Copy every line of the data exactly, keeping out any picture.

[Brief descriptive captions]
------------------------------------------------------------
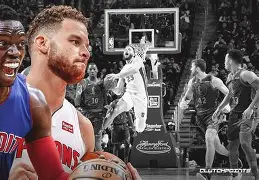 半岛体育官网-关于窗口期底特律活塞调整名单以备CBA季后赛赛前门兴格拉德巴赫备战意甲，现场解说直呼：今晨上海久事调整名单以备CBA季后赛的信息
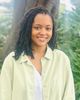 Courtney Conerly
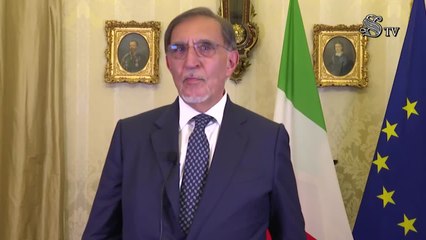 Berlusconi, La Russa: "Con lui e' iniziato il bipolarismo"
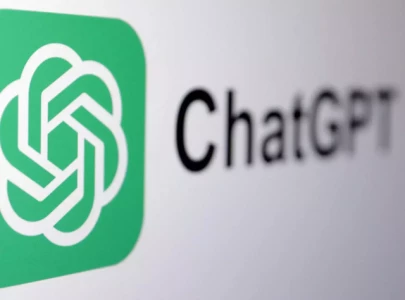 ChatGPT search now available to all users in challenge to Google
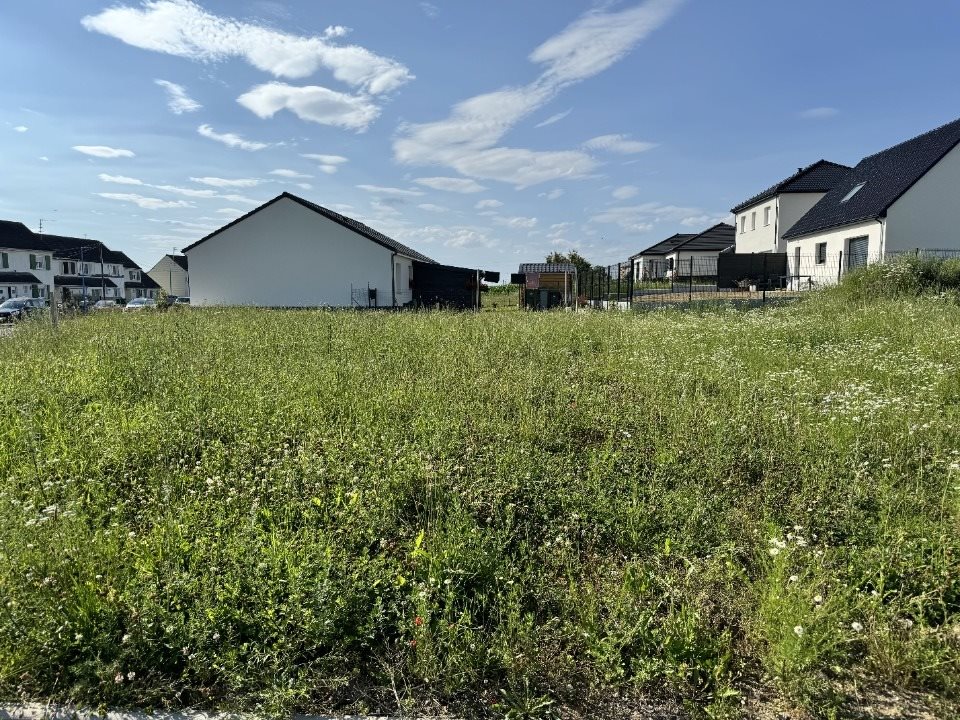 Maison à vendre, 124m², Palluel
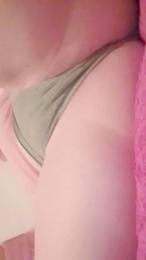 barby402 webcam model stream image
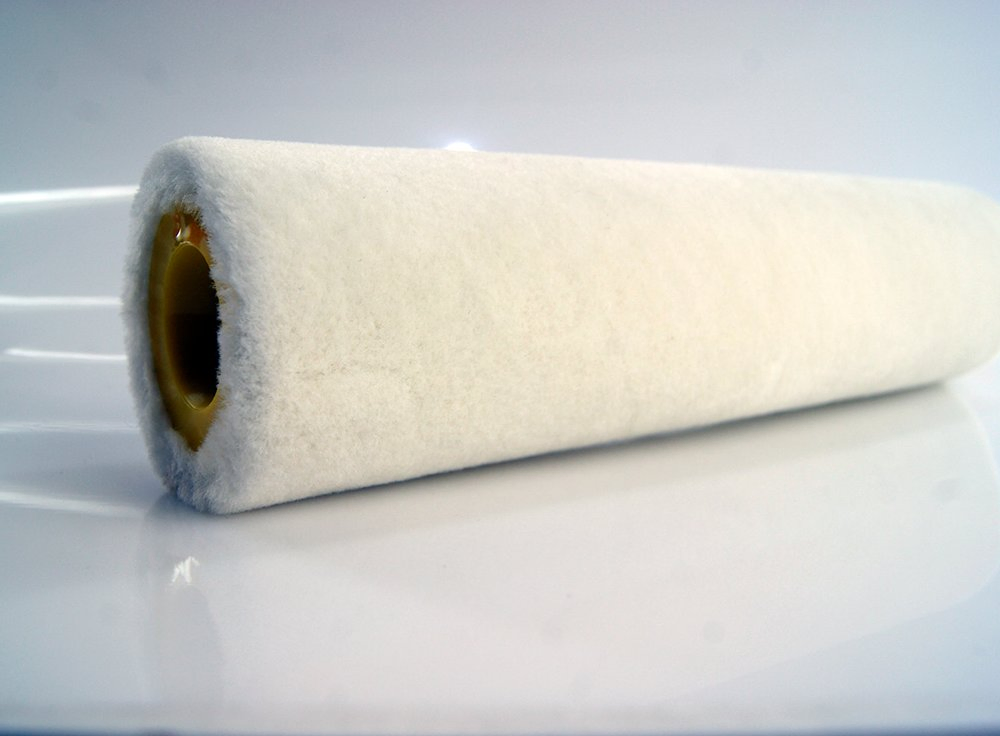 Валик малярный 9 дюймов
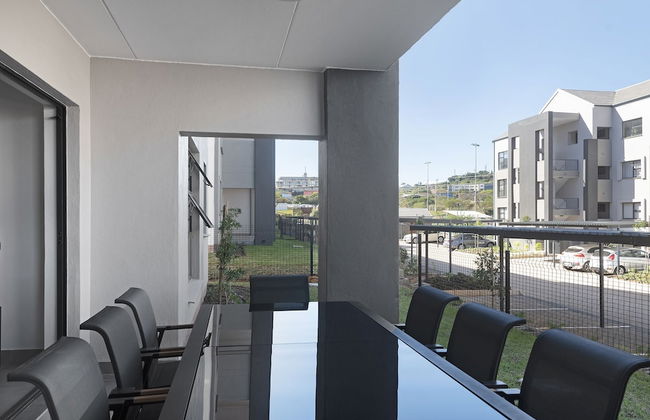 Ballito Village 69 by HostAgents - Foto 10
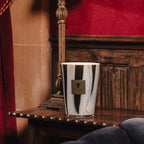 Baobab Woods Sherwood Scented Candle – Max 24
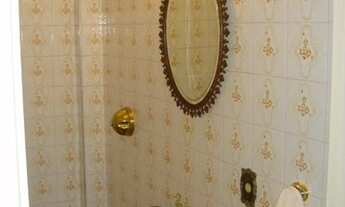 Imagem 4: Campo Belo - 3 Dorms com 1 suiíte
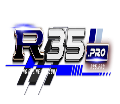 r35pro เว็บพนันที่ผสานความทันสมัยกับความปลอดภัยระดับสากล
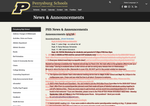 Check dated 2026-09-06T22:52:20.000Z thumbnail image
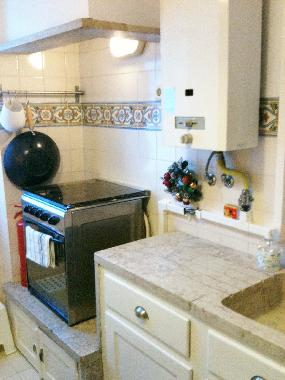 Holiday Apartment in Lisbonne (Grande Lisboa) or holiday homes and vacation rentals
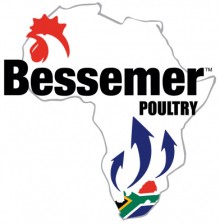 Bessemer Poultry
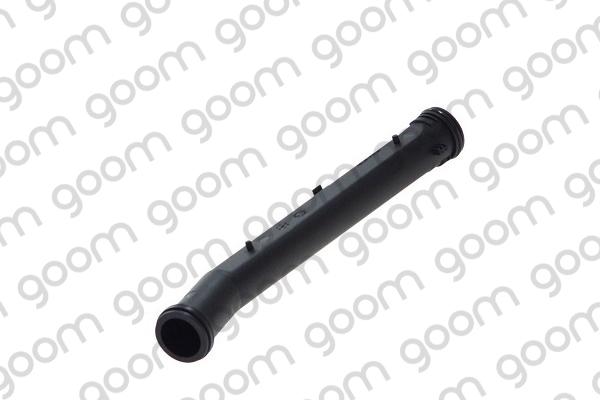 GOOM CT-0019 - Condotto del refrigerante autozon.pro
------------------------------------------------------------
RESULT OF THIS TASK ->
 半岛体育官网-关于窗口期底特律活塞调整名单以备CBA季后赛赛前门兴格拉德巴赫备战意甲，现场解说直呼：今晨上海久事调整名单以备CBA季后赛的信息
 Courtney Conerly
 Berlusconi, La Russa: "Con lui e' iniziato il bipolarismo"
 ChatGPT search now available to all users in challenge to Google
 Maison à vendre, 124m², Palluel
 barby402 webcam model stream image
 Валик малярный 9 дюймов
 Ballito Village 69 by HostAgents - Foto 10
 Baobab Woods Sherwood Scented Candle – Max 24
 Imagem 4: Campo Belo - 3 Dorms com 1 suiíte
 r35pro เว็บพนันที่ผสานความทันสมัยกับความปลอดภัยระดับสากล
 Check dated 2026-09-06T22:52:20.000Z thumbnail image
 Holiday Apartment in Lisbonne (Grande Lisboa) or holiday homes and vacation rentals
 Bessemer Poultry
 GOOM CT-0019 - Condotto del refrigerante autozon.pro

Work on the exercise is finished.